Blob Blame History Raw
From a44e84a9b7764c72896f7241a0ec9ac7e7ef38dd Mon Sep 17 00:00:00 2001
From: Jan Kara <jack@suse.cz>
Date: Wed, 23 Nov 2022 20:39:50 +0100
Subject: [PATCH] ext4: fix deadlock due to mbcache entry corruption
Git-commit: a44e84a9b7764c72896f7241a0ec9ac7e7ef38dd
Patch-mainline: v6.2-rc1
References: bsc#1207653

When manipulating xattr blocks, we can deadlock infinitely looping
inside ext4_xattr_block_set() where we constantly keep finding xattr
block for reuse in mbcache but we are unable to reuse it because its
reference count is too big. This happens because cache entry for the
xattr block is marked as reusable (e_reusable set) although its
reference count is too big.
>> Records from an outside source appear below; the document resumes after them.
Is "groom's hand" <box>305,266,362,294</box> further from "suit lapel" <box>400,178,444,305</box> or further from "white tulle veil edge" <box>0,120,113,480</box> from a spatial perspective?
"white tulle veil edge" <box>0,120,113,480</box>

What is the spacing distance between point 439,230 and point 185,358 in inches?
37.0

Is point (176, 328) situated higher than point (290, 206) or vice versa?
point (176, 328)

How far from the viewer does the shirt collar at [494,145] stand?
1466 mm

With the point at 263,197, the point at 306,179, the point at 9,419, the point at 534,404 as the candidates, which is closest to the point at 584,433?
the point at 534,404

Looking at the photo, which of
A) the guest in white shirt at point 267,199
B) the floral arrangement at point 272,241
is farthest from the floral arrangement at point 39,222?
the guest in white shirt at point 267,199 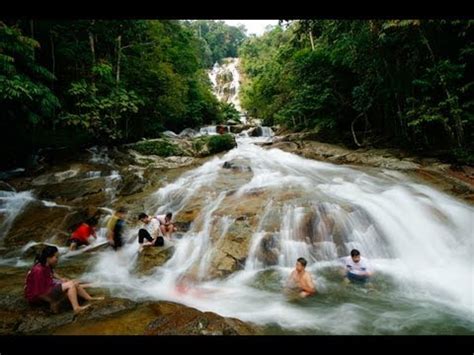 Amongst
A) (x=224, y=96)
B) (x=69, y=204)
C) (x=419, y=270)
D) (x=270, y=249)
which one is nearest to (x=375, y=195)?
(x=419, y=270)

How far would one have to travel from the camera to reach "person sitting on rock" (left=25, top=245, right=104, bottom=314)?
4801mm

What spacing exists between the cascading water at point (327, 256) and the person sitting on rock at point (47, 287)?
1.30 meters

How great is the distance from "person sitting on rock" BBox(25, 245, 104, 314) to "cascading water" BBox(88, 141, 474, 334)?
1298 millimetres

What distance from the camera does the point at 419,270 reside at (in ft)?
22.5

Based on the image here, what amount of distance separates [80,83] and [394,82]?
42.7ft

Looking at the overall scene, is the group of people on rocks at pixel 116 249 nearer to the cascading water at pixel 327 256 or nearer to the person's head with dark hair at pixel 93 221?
the person's head with dark hair at pixel 93 221

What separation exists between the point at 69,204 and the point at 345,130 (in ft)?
49.9

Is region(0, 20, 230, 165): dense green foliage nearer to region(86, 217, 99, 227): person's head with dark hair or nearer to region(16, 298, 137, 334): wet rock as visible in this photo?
region(86, 217, 99, 227): person's head with dark hair

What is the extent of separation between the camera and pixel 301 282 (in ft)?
20.2

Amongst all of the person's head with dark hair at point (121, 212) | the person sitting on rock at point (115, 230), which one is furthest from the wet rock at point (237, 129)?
the person sitting on rock at point (115, 230)

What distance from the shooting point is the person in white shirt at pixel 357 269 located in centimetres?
640

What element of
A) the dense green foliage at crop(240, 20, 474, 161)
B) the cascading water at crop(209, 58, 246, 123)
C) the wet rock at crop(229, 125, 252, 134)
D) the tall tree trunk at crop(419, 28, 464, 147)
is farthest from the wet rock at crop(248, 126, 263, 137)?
the cascading water at crop(209, 58, 246, 123) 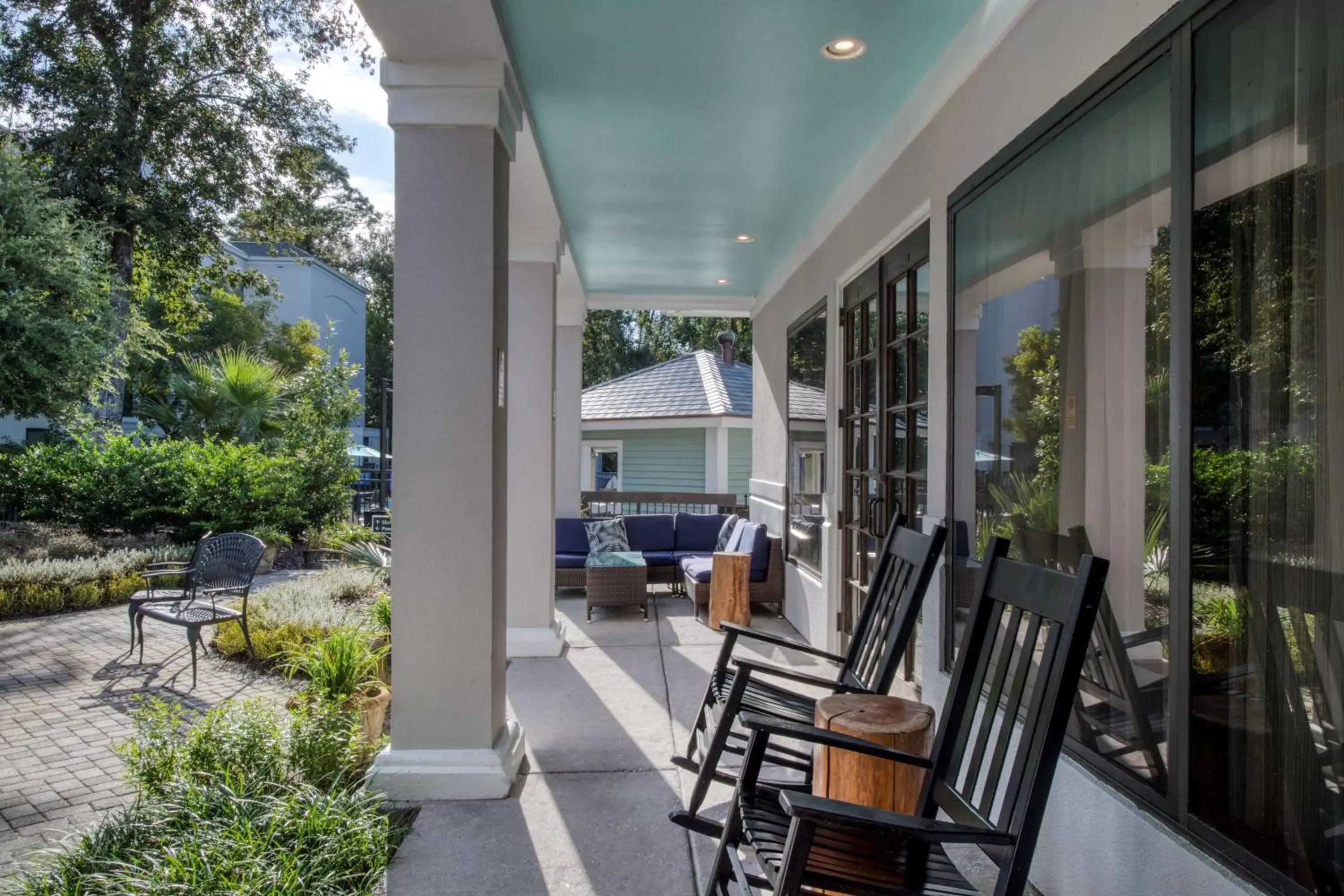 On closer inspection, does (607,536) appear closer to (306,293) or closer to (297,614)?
(297,614)

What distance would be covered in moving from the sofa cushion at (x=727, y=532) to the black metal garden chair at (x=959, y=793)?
5053 mm

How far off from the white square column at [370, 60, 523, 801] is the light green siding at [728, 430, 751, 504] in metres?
8.95

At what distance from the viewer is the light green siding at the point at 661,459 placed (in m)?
12.3

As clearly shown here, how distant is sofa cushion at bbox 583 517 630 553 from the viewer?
775 cm

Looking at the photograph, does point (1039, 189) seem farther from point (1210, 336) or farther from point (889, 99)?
point (889, 99)

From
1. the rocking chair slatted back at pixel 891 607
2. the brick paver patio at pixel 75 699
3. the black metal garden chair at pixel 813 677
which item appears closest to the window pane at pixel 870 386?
the rocking chair slatted back at pixel 891 607

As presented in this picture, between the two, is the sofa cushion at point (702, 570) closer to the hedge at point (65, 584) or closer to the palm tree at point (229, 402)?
the hedge at point (65, 584)

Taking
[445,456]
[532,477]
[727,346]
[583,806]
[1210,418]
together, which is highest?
[727,346]

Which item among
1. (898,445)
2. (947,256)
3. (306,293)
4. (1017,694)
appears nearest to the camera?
(1017,694)

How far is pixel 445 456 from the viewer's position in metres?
3.15

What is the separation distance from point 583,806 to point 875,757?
1.38 metres

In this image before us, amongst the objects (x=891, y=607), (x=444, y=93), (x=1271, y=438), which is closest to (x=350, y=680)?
(x=891, y=607)

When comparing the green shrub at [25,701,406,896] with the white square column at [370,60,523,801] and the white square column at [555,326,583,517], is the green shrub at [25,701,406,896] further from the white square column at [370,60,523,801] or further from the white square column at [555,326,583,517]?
the white square column at [555,326,583,517]

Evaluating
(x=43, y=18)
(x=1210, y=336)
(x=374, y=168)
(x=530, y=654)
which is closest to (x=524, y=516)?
(x=530, y=654)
When this inconsistency happens, this
inconsistent state is kept indefinitely and so ext4_xattr_block_set()
keeps retrying indefinitely.

The inconsistent state is caused by non-atomic update of e_reusable bit.
e_reusable is part of a bitfield and e_reusable update can race with
update of e_referenced bit in the same bitfield resulting in loss of one
of the updates. Fix the problem by using atomic bitops instead.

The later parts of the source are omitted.